Fair market value and market value are closely related terms, often used interchangeably. The difference is that market value is a more general term. It is simply the price a property would currently sell for on the open market. It does not carry the fair market value requirements that both buyer and seller have full knowledge of the property and that both are acting in their own best interests, free from undue pressure.

Fair Market Value vs. Appraised Value 

An appraised value is a licensed appraiser’s professional opinion of the value of a property.[6] These experts are well-trained in real estate valuation, so an appraised value is often used as a fair market value for all intents and purposes, despite the difference in textbook definitions.

Fair Market Value vs. Assessed Value

An assessed value is a property tax assessor’s opinion of the value of a parcel of real estate for property tax purposes. This figure can be wildly different from the fair market value of a property for multiple reasons:[7]
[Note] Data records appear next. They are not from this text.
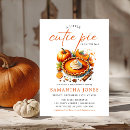 Recherche de cutie invitations Action de grâce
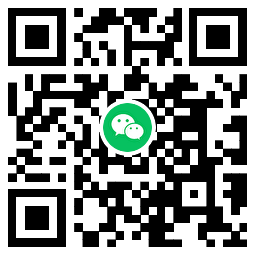 百度地图逢考必过领10元打车券-轻创副业圈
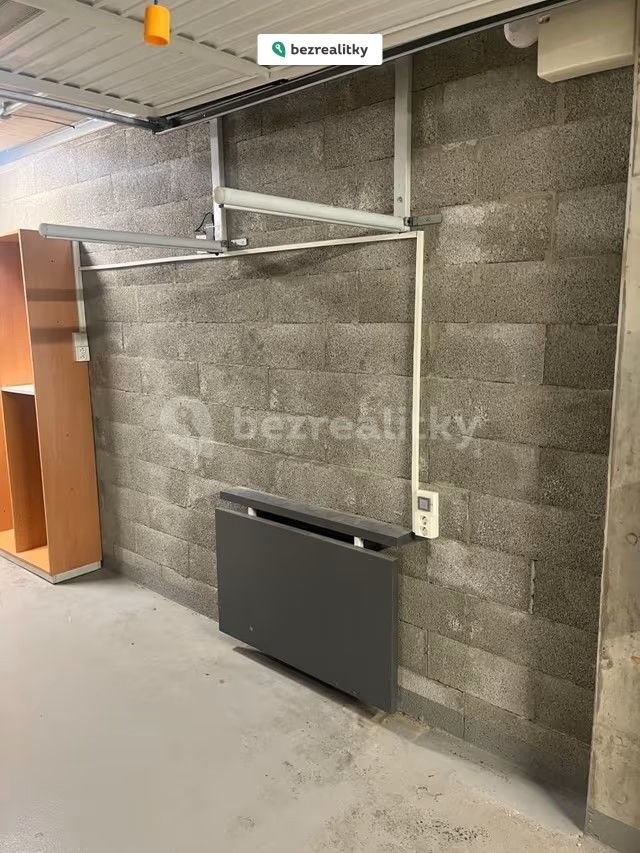 1758652272-elanvivdlg-1705962028-egimxiszok-phpujg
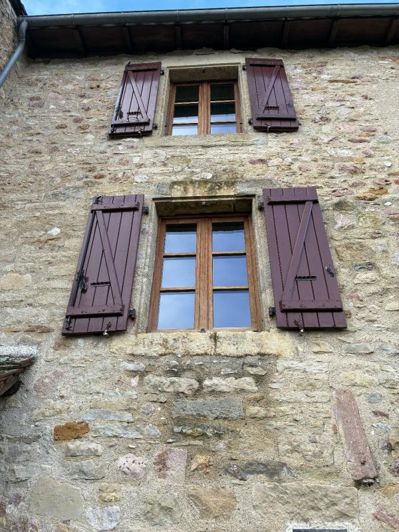 Image No.4-2 Bed Property for sale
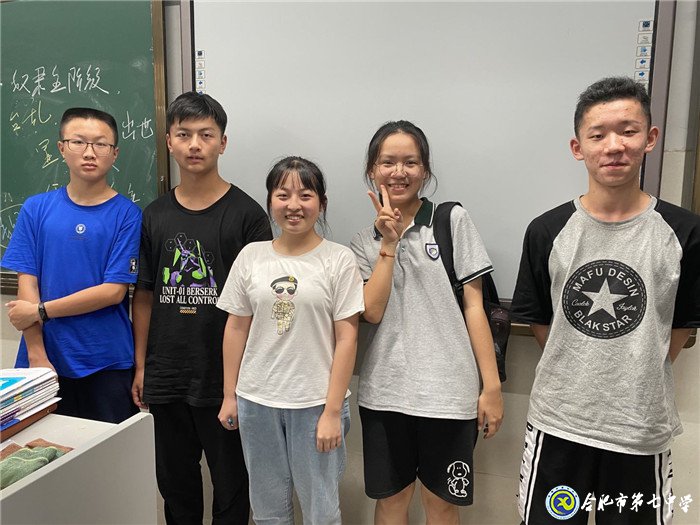 精心準備護起航，乘風破浪再出發(fā)(圖4)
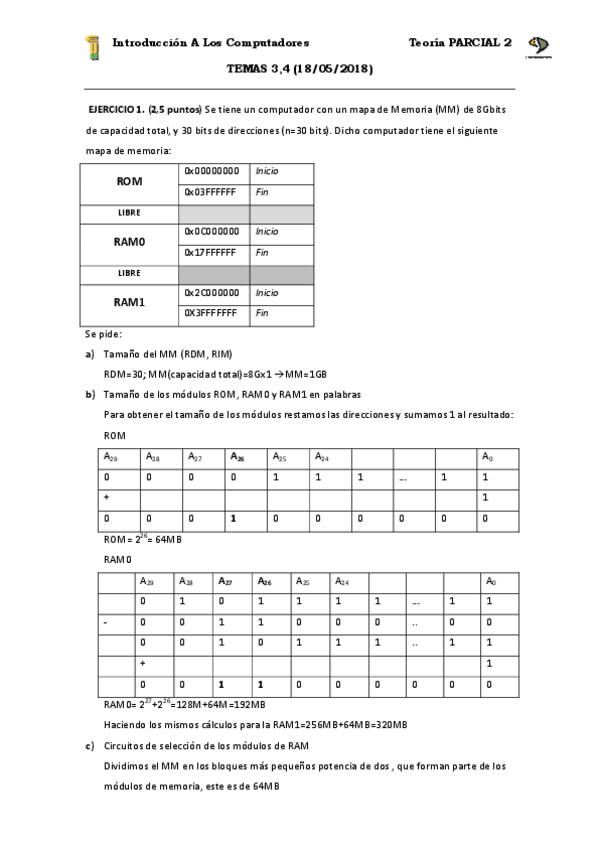 Miniatura del documento Parcial 2_18_mayo_2018_Solucion.pdf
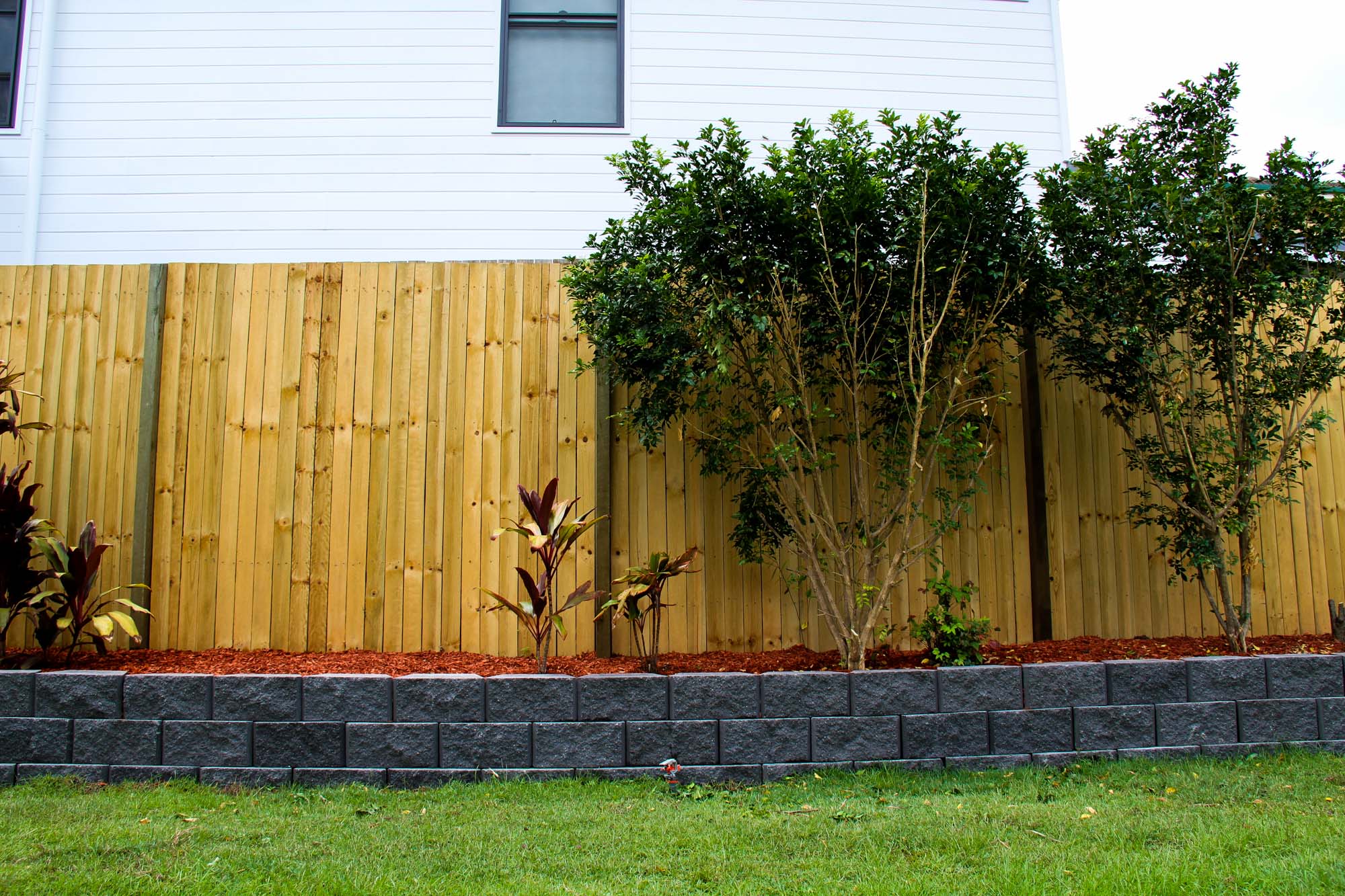 oakmont_landscaping-16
  1. Limits on assessed value increases. Many property tax jurisdictions have limits on the amount of assessed value that can increase year-over-year. So, in periods of strong growth, a property’s fair market value may increase by 5% or more, while the assessed value may only increase by 1-2%, depending on the jurisdiction’s limits. 
  2. Formulaic assessed value increases. In many jurisdictions, it’s impractical for the tax assessor to evaluate individual properties every tax cycle (typically every year). So, they apply a formula to entire neighborhoods. For example, an assessor may calculate that average property values have risen by .5% in a given area since the last assessment cycle, so they apply a .5% increase to all properties in that area for the new assessment cycle. This leads to many inaccurate valuations, which is why many homeowners appeal their property tax assessments. 
  3. Assessors are often unaware of upgrades. Tax assessors typically watch for building permits so they can adjust their assessments to include substantial improvements. However, the assessor may be unaware of smaller upgrades that add to the value of your home, leaving the assessed value lower than the FMV.       

The Bottom Line

Fair market value is a vital concept for anyone involved in real estate, financial planning, or asset management, even if your involvement is limited to your personal assets. Before purchasing a home, listing a property for sale, or investing in real estate, make sure you understand the role of FMVs.